Required work: Count how many lines hold "Image" in the records, and respond with that number by itself.

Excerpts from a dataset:

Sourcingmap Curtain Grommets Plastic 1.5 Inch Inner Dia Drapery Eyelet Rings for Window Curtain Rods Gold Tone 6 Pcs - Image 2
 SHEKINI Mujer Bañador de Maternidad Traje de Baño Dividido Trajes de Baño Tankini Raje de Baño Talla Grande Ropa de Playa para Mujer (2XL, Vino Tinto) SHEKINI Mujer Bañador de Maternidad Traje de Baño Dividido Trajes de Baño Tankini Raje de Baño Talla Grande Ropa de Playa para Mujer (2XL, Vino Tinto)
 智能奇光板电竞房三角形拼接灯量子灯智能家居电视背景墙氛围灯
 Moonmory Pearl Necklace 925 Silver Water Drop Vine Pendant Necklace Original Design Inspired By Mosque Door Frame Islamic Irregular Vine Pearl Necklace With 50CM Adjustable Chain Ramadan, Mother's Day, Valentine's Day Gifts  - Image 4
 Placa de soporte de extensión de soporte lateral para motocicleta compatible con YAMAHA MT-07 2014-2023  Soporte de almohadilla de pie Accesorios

Task output: 2